To represent sub‐millimeter mechanical degradation and to evaluate the minimum wear detectable by each QA method, four T‐nuts from each MLC bank were abraded with 180‐ and 320‐grit sandpaper to wear levels of 0.5, 0.8, 1.0, and 1.2 mm. Wear depths were periodically measured throughout the abrasion process using a digital Vernier caliper (Mitutoyo 530‐181, Japan). To account for surface non‐uniformity resulting from manual abrasion, measurements were performed at four different points on each T‐nut surface. Scanning electron microscopy (SEM) was used to compare unworn and worn T‐nuts and to visualize the extent of surface wear (Figure 1a).

FIGURE 1.

FIGURE 1

Scanning electron microscopy (SEM) images of mechanical wear in MLC T‐nuts: (a) external surfaces of quarter‐width (top) and half‐width (bottom) leaf T‐nuts, illustrating worn (right) and non‐worn (left) surfaces. (b) Internal thread structures of T‐nuts, contrasting intact (top) with worn (bottom) components. Dashed red outlines indicate worn regions. MLC, multileaf collimator.

2.2.2. Drive screw thread wear

To simulate thread wear, a spare drive screw was mounted on a variable‐speed drill and inserted into two selected T‐nuts, then repeatedly rotated in both directions to abrade the internal threads. The extent of drive screw thread wear was evaluated using a backlash test in the system service mode, which estimates the mechanical clearance from motor‐count differences during directional changes, yielding values of 0.18 ± 0.06 mm for unworn T‐nuts and 0.46 ± 0.13 mm for worn T‐nuts. SEM images of unworn and worn threads are shown in Figure 1b.

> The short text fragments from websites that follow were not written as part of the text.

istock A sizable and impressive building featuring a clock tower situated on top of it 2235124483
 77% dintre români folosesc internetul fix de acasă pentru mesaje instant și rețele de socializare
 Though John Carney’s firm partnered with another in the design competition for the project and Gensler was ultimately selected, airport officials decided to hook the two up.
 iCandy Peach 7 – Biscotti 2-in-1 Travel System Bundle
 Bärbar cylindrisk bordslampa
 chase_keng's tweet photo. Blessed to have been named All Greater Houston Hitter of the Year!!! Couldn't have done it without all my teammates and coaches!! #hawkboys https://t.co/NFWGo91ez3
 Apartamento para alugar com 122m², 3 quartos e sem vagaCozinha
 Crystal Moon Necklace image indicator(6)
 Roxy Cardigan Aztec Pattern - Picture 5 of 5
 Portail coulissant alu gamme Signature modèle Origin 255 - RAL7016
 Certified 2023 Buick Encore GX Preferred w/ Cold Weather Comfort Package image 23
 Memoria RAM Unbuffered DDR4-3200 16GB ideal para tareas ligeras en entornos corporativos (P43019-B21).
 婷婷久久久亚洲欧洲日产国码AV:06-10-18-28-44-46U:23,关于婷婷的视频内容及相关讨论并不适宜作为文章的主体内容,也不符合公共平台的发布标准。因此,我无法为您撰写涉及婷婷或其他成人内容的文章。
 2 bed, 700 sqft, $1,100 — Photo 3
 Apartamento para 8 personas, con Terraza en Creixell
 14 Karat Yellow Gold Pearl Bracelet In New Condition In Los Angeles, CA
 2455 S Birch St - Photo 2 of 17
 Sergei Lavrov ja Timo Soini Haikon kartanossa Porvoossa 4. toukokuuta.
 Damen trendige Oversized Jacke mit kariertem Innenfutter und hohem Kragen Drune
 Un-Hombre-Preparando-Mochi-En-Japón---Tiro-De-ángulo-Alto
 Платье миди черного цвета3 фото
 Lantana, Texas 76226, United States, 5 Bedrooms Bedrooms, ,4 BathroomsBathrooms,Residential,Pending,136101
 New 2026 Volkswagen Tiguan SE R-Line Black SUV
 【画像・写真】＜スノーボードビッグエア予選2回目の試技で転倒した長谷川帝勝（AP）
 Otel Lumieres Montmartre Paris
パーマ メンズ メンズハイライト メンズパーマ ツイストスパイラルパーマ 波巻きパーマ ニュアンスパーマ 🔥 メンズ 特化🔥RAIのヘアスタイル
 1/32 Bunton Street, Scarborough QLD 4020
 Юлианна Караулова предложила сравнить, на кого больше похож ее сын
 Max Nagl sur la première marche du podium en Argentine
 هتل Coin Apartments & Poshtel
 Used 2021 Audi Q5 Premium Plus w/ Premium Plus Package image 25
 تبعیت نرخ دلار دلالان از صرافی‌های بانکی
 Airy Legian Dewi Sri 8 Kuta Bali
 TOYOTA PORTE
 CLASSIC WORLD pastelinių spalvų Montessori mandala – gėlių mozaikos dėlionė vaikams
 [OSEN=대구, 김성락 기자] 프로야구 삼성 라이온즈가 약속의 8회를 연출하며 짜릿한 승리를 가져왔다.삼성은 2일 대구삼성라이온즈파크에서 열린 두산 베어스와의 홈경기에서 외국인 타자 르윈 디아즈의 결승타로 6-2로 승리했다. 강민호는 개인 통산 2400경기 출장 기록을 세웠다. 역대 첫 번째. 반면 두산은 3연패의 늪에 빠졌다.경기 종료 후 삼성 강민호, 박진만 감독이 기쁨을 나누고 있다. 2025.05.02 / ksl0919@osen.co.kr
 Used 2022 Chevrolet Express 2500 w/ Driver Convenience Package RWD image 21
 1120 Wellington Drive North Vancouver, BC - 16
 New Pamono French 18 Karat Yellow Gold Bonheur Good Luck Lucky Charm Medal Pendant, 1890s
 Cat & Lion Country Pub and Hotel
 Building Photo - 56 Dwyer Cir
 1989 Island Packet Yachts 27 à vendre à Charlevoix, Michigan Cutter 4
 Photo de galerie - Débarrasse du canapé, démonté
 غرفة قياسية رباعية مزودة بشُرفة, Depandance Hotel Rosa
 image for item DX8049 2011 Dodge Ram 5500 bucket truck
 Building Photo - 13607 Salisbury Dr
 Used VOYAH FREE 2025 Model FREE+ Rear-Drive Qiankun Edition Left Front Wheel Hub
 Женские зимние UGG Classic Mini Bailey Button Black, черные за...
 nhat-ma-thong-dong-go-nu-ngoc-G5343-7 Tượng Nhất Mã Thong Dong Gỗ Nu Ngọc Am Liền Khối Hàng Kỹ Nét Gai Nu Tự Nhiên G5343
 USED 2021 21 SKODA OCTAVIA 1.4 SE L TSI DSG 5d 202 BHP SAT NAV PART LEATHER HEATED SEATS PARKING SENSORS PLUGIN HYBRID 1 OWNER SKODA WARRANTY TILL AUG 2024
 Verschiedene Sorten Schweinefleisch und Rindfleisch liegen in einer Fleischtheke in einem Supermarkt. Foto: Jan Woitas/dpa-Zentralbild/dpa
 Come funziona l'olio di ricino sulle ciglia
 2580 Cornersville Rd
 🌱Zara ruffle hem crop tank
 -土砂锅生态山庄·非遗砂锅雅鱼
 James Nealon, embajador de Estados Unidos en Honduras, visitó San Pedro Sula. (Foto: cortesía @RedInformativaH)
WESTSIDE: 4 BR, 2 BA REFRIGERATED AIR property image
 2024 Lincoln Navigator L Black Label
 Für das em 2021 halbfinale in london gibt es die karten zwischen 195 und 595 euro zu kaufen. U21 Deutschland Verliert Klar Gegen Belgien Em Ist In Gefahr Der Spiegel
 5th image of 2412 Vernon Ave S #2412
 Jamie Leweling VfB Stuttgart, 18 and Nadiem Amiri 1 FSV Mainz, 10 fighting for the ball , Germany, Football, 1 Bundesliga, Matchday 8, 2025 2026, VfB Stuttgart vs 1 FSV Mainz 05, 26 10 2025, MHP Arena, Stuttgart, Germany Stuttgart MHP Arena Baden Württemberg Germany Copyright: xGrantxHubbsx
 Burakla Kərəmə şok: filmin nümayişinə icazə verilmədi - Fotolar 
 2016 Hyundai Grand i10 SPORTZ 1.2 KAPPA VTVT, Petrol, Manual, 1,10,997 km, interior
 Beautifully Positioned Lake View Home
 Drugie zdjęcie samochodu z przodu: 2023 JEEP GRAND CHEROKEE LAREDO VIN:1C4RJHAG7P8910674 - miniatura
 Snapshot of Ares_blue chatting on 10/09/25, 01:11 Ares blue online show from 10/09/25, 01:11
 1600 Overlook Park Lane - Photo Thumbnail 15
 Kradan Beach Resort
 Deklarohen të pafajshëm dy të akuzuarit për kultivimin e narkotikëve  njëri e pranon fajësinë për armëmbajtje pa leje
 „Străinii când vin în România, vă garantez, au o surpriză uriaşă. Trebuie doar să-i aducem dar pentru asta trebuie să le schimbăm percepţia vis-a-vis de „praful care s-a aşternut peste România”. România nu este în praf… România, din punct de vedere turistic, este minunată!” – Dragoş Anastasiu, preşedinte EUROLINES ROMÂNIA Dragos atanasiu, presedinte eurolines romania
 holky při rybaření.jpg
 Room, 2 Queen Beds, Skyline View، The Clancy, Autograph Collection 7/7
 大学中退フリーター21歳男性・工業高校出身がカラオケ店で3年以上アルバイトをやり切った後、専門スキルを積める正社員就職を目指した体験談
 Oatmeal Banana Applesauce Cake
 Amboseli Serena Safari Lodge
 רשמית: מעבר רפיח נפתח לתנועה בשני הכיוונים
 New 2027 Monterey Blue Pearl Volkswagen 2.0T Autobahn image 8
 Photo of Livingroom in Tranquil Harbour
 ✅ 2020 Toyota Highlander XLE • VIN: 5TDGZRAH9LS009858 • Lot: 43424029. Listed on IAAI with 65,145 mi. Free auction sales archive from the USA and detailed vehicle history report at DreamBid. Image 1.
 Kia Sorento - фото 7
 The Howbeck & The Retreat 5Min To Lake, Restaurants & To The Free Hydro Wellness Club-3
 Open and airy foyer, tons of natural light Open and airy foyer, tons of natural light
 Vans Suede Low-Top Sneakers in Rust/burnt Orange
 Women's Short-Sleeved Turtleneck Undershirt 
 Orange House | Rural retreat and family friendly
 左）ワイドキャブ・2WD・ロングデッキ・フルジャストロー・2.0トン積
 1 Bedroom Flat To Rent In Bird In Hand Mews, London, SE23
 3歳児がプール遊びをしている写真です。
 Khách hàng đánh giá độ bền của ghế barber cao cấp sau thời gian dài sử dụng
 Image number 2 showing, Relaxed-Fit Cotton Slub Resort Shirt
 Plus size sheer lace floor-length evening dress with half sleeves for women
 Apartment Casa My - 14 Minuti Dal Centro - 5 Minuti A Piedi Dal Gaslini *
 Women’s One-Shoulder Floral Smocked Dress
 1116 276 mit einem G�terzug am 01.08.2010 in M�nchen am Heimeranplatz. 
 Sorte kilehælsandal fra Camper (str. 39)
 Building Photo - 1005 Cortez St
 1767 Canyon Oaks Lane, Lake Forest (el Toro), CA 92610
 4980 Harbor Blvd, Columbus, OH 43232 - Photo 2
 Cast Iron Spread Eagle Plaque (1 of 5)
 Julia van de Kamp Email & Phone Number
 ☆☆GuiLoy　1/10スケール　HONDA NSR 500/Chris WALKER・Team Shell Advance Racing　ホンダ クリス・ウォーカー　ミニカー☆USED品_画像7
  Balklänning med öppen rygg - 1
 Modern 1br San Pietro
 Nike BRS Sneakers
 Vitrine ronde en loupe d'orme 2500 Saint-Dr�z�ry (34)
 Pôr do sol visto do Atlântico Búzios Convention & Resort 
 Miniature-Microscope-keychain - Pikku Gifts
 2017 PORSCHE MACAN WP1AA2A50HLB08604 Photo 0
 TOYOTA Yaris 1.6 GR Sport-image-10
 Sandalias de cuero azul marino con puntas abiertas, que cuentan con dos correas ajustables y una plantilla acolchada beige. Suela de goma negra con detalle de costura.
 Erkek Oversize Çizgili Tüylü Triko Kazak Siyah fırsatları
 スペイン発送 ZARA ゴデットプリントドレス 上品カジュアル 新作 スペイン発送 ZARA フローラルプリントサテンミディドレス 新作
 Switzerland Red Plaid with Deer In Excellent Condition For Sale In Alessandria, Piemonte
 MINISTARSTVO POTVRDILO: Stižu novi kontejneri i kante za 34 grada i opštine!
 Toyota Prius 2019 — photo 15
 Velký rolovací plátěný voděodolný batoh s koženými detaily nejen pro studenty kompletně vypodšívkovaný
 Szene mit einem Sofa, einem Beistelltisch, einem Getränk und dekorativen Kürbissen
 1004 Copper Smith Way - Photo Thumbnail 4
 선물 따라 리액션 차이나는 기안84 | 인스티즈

2.2.3. Motor performance degradation

To simulate motor performance degradation, two leaf motors previously retired from clinical service were utilized. The performance of these units was quantitatively characterized via pulse width modulation (PWM) measurements acquired in the system service mode (four acquisitions per motor). The retired units were confirmed to be degraded, with a mean PWM of 18.1 ± 3.4% and maximum values exceeding the manufacturer's operational limit of 20.0%. In contrast, clinically functional motors demonstrated a lower mean PWM of 10.7 ± 0.6%, with maximum values not exceeding 14.0%.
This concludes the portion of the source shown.